We were talking with a missionary at the guest house about how perceptions of missions have changed over the generations.  He said that as his job is with linguistics, it's interesting which words Christians use when thinking about doing Christian work.  He said the generation before us talked of "sacrifice."  Our generation talks of "commitment."  The new generation talks of "passion."  Because passion runs out, it doesn't take a person as far as commitment.  Because commitment has boundaries, it doesn't take a person as far as sacrifice.

Conclusion:  I may be a wimp to my parents generation, but I'm a fanatic to my children.

I also learned about a poll taken at an Urbana missions conference of the new generation about what they see as the length of a short-term mission.  Answer:  1-2 weeks.  The length of a long-term mission: about 6-9 months.

 Times and perceptions are changing.  Technology makes time seem to rush by quickly.  But in the whirlwind, there's the Rock to hold onto that doesn't change.  (Yahoo!)

Tuesday, October 13, 2015

PNG End of year celebration-Day 2: "Clear Sailing?"

The good thing about leading office devotions is that you learn more about what you learned before, because you say it out loud.  Even if nobody else thinks the lesson is significant, I feel so enriched.

The story of Elizabeth and Zachariah in Luke 1 has really captured my attention.  Because Elizabeth couldn’t have children, she was shamed by society.  Even though this couple did everything right, society would say God wasn’t pleased with them because He didn’t bless them with children.

I wonder what they thought.  Did they think God didn’t love them or approve of them?  The fact was that God considered them righteous.  Hundreds of years before, He knew He’d bless them with baby John (the Baptist.)  (Mal. 3:1) This couple faithfully walked with God all their lives, but didn’t experience a baby until they were old.

In naming the baby John, they went against the approval of society and family.  People assumed the baby would be named after the father.  They didn’t accept Elizabeth’s declaration of the name John, so they went to Zachariah.  He wrote down the name John...then miraculously was able to speak again.

Because this couple did what they knew in their hearts God wanted them to do, everyone around them was amazed and able to see God had a special purpose for this baby.  Just as people were wondering what that purpose was, the Holy Spirit gave the baby’s dad words of prophesy that told the people what that purpose was to be.  If the parents had caved into the approval of friends and family, no one would be prepared for the significant ministry of this new baby boy.

Somehow I fall into the thinking that if I do everything right, I’ll have “clear sailing” in life.  God will make circumstances fall into place that will make everything EASY.  However, as I read the Bible, I can’t find easy circumstances anywhere.  Every person I read about has obstacles to overcome.  It seems that in the midst of life’s struggles...the battles and the victories, that’s where God’s glory shines.

The lie: Because God loves me I’ll have “clear sailing” in life.

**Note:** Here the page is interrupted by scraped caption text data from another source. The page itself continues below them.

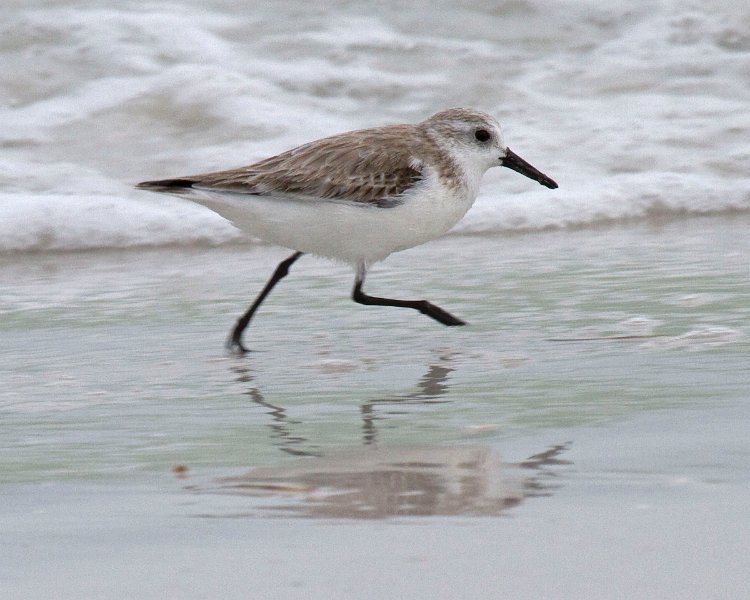 Sanderling-0001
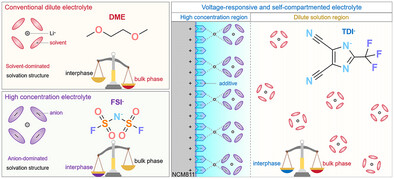 Self-Compartmented Electrolyte Design for Stable Cycling of Lithium Metal Batteries under Extreme Conditions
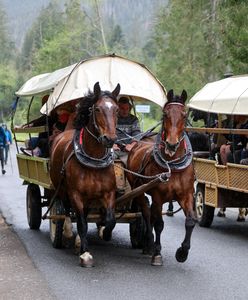 Morskie Oko. Spóźnili się na transport konny. Zadzwonili po TOPR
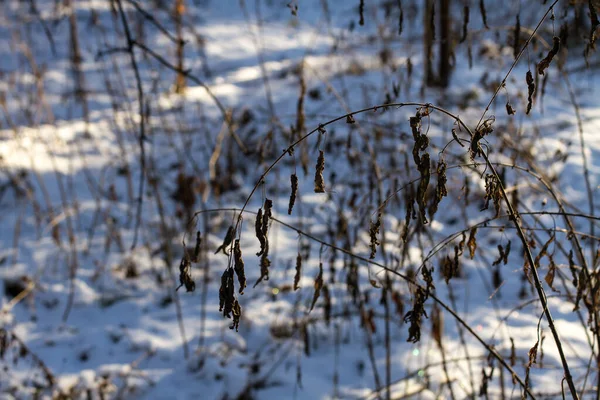 Grama Seca Neve — Fotografia de Stock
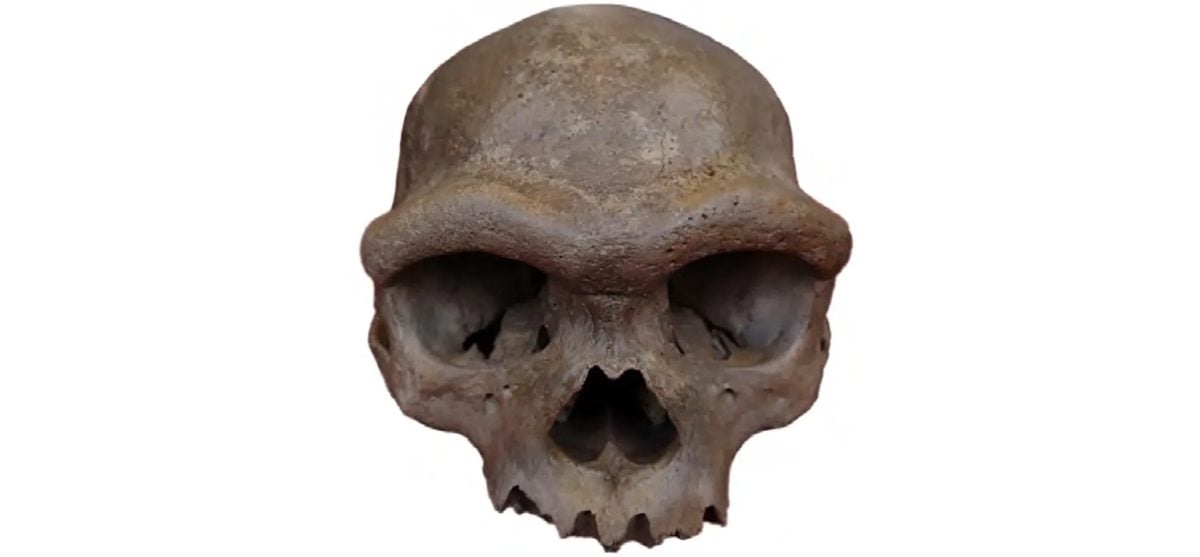 Cranio di Harbin: la chiave per il mistero denisoviano 1 Cranio di Harbin: la chiave per il mistero denisoviano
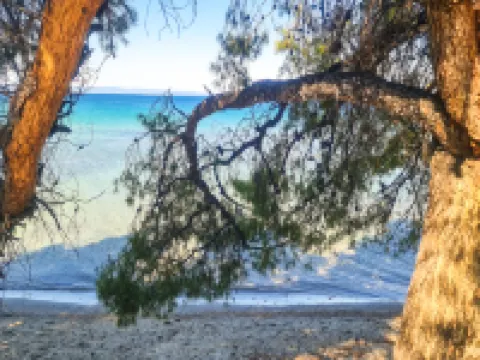 Luxury Apartment in Akti Elias Sithonia Hotels in Elia
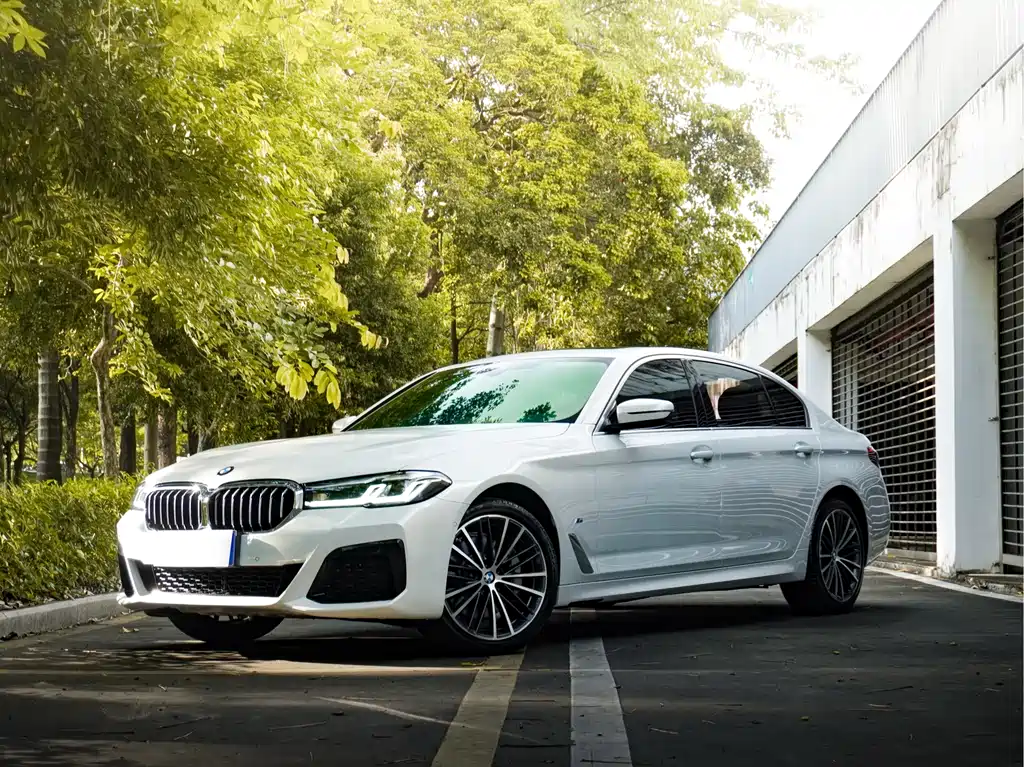 BMW 5 Series 2021 530Li Leading Edition M Sport Package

The truth: Because God loves me, I’ll never be alone in hard circumstances, and His plan for me is has always been for my good since the beginning of time.

Sunday, October 11, 2015

PNG End of Year Celebration Day 1: "Getting Here!"

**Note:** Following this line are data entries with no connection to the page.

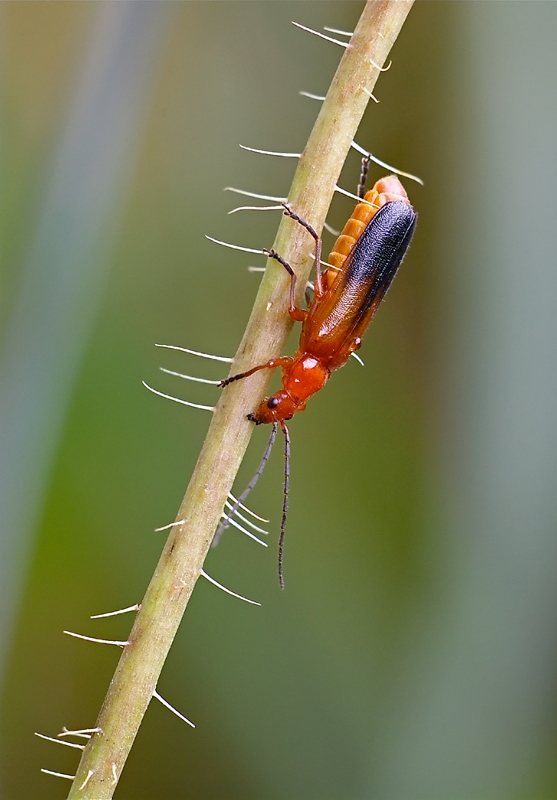 Gli ostacoli della vita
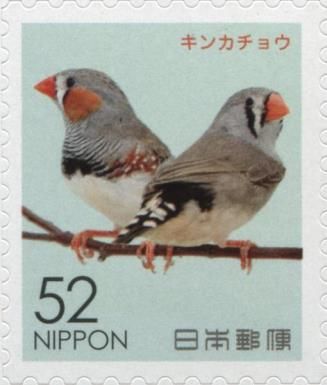 Zebra Finch (Taeniopygia guttata)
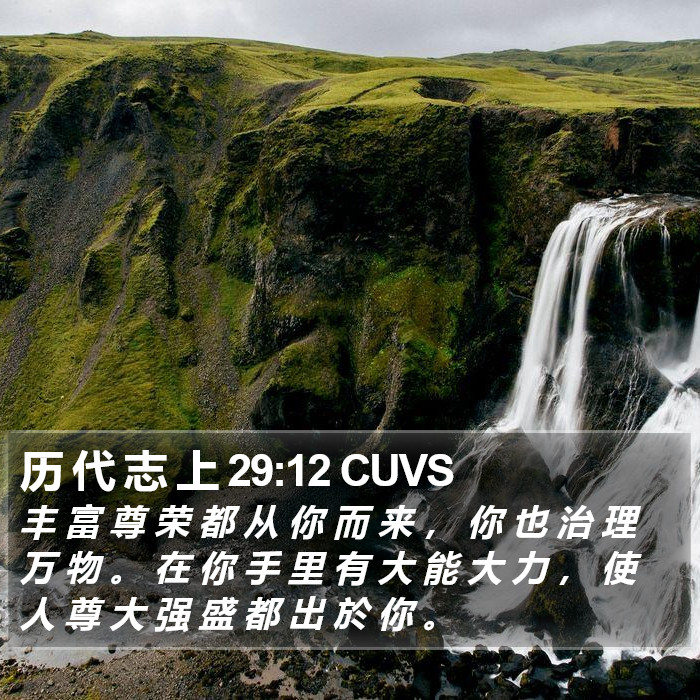 历 代 志 上 29:12 CUVS Bible Study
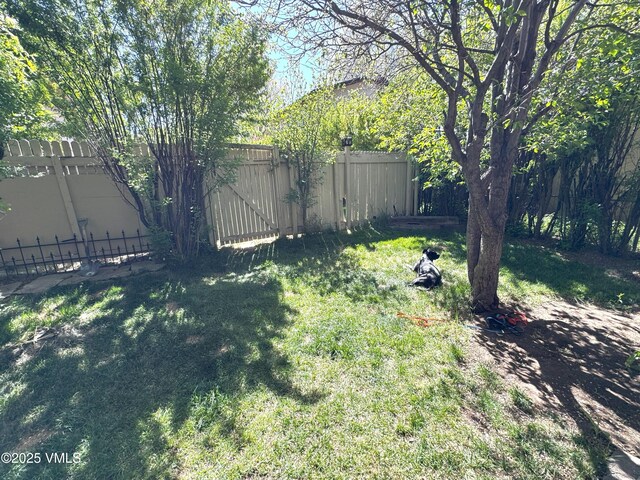 409 Washington St, Eagle, CO 81631 - view of yard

Yes.  Once again I find myself on a plane to Papua New Guinea, this time to hear from the staff and students what God has done this year.

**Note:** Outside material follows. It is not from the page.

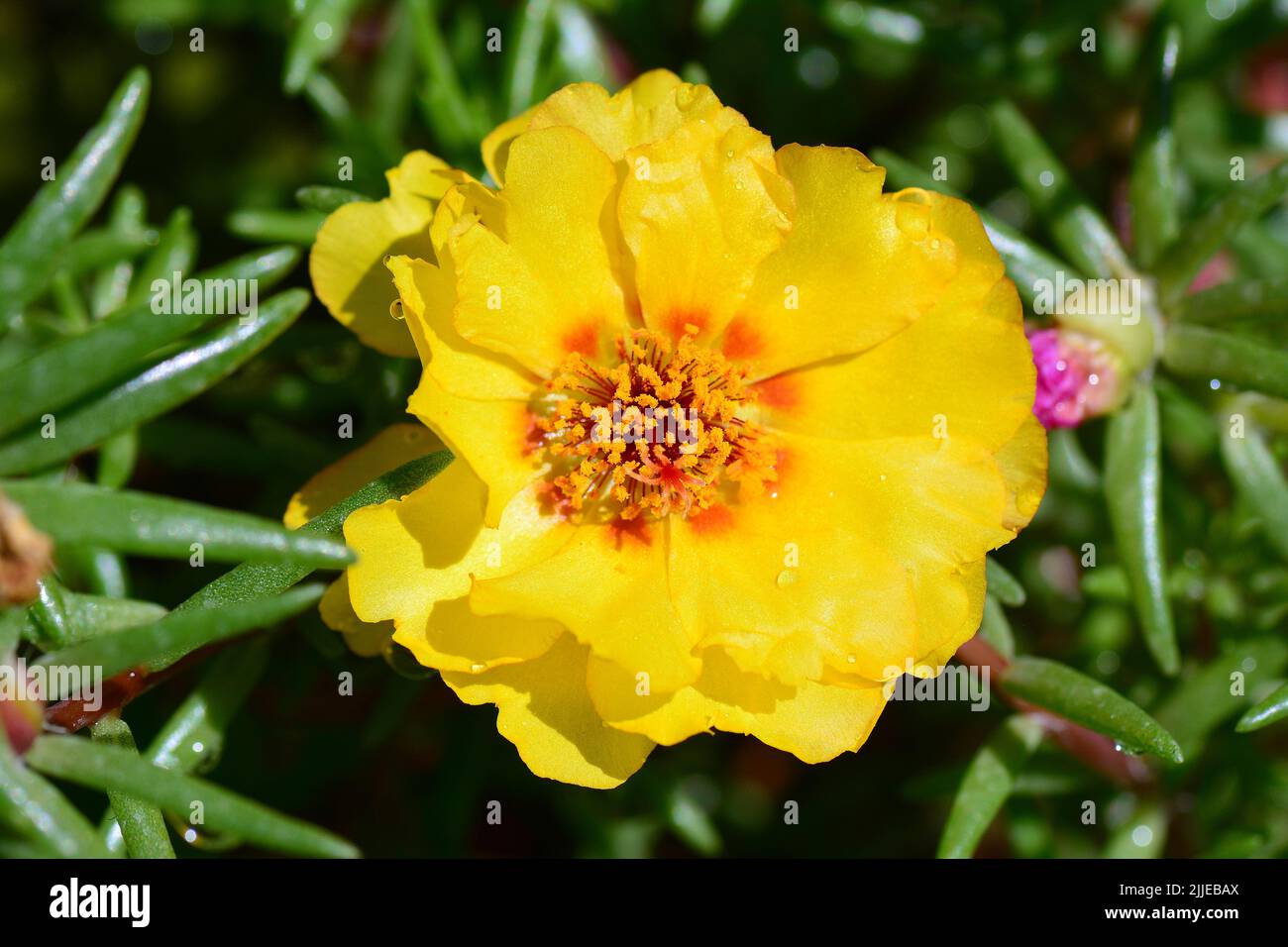 rose moss, moss rose, Portulakröschen, chevalierd'onzeheures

When sitting on the plane, I enter the no-man's land of being between two worlds.  I leave behind family, church, friends, weekly commitments...and my house and pets to the care of our housesitter.   I think ahead to the world I'm about to enter and I wonder if I packed what was necessary for all possible situations.  (Probably not!)  Because we leave at 3:15 am, and all thinking tends to be fuzzy anyway, it's a good time to read a book and just exist in a suspended state for a while.  That's when life threw a new item my way.  The flight attendant brought a snack and a eating utensil I've never seen before!  I'd heard of a spork (a cross between a spoon and a fork,) but this...what could it be:  a spife? a knoon?  And  who designed this thing that a person has to hold the blade of a knife in order to use a spoon?  Such big thoughts for a sleepy brain.

All will be well in the morning, right God?